Mais Natacha Polony, en poste depuis 2018, s’efface : « Prenant acte des difficultés à trouver une solution de reprise externe pour Marianne, et particulièrement soucieuse de garantir la pérennité du titre, Natacha Polony a indiqué ne pas s’inscrire dans la suite de la direction du journal » assure le communiqué publié ce jour. Elle conservera un éditorial hebdomadaire. Pour lui succéder, Frédéric Taddeï est nommé directeur de Marianne. Il prendra ses fonctions le 1er mars 2025. « Le groupe s’engage à maintenir avec Marianne un hebdomadaire qui défende les valeurs républicaines, sociales et laïques. » CMI France assure qu’il mettra en œuvre un plan stratégique visant à ramener le journal à l’équilibre financier et à garantir son avenir.

Frédéric Taddeï veut « défendre l’indépendance » de Marianne

Pour rappel, Frédéric Taddeï, autodidacte, a commencé sa carrière en étant repéré par Jean-François Bizot, qui le fait travailler à Actuel. Incarnation du dandy dilettante, singulier et furieusement cultivé, il passe par Radio Nova, Nulle part ailleurs (Canal+) avant de présenter de 2006 à 2016 le rendez-vous culturel phare et quotidien Ce soir ou jamais sur France 3, recevant tout ce que la France compte d’intellectuels, de journalistes et d’universitaires pour des débats d’idées riches. Attaché à un pluralisme sans limite, il revendique d’inviter Dieudonné, Alain Soral, Tariq Ramadan, Marc-Edouard Nabe, Alain Robbe-Grillet et un Mathieu Kassovitz émettant sur le plateau des doutes sur la version « officielle » des attentats du 11 septembre 2001. Il rejoint Europe 1 en 2005. Parallèlement, il est l’une des rares personnalités françaises de renom à travailler dès la rentrée 2018 sur RT France pour animer Interdit d’interdire. Il met un terme à l’aventure en février 2022, quand la France entre en conflit diplomatique avec la Russie sur le dossier de l’Ukraine mais il ne quitte pas la chaîne. Le nouveau directeur du journal l’assure : « J’ai toujours été attaché au débat d’idées et à la diversité des opinions. Rejoindre Marianne, une institution dans la presse française, est un honneur et une opportunité rare. Je travaillerai à défendre son indépendance et à enrichir son rôle dans le débat public. »
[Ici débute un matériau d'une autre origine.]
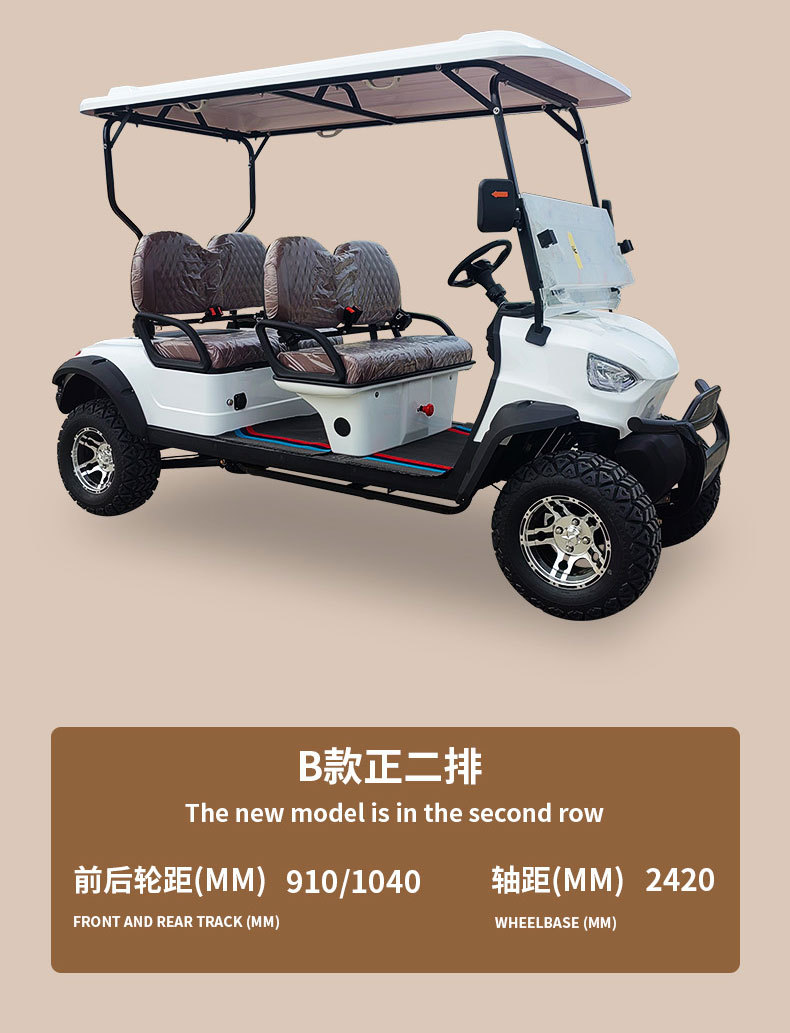 2 Golf Cart Scenic Area Tourist Homestay Reception Beach Off-road Golf Hunting Car Electric Sightseeing Car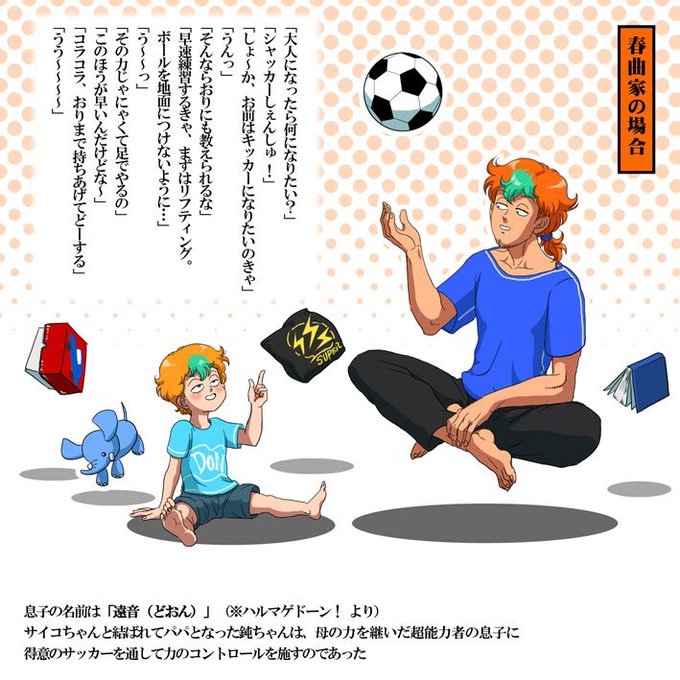 奇面組いまは育メン組のtwitterイラスト検索結果 奇面組いまは育メン組のtwitterイラスト検索結果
Denis Olivennes, président du conseil de Surveillance de CMI France détaille dans le communiqué : « Marianne va demeurer fidèle au “centrisme révolutionnaire” de son fondateur. Un lieu de critique constructive et de débat, attaché à la démocratie républicaine, soucieux d’exprimer les attentes du peuple tout en restant hostile au populisme. Journal critique mais jamais antisystème, opposé aux extrémismes, au racisme et à l’antisémitisme, aux régimes autoritaires qu’ils soient russe, chinois, iranien, vénézuélien ou autre… ». Il justifie le choix de Frédéric Taddeï, le présentant comme un « agitateur culturel reconnu, héritier de Jean-François Bizot, et dont la nomination est approuvée par Jean-François Kahn [fondateur du journal] ». Denis Olivennes assure que l’homme « apportera son originalité, son goût du pluralisme et son amour du débat ».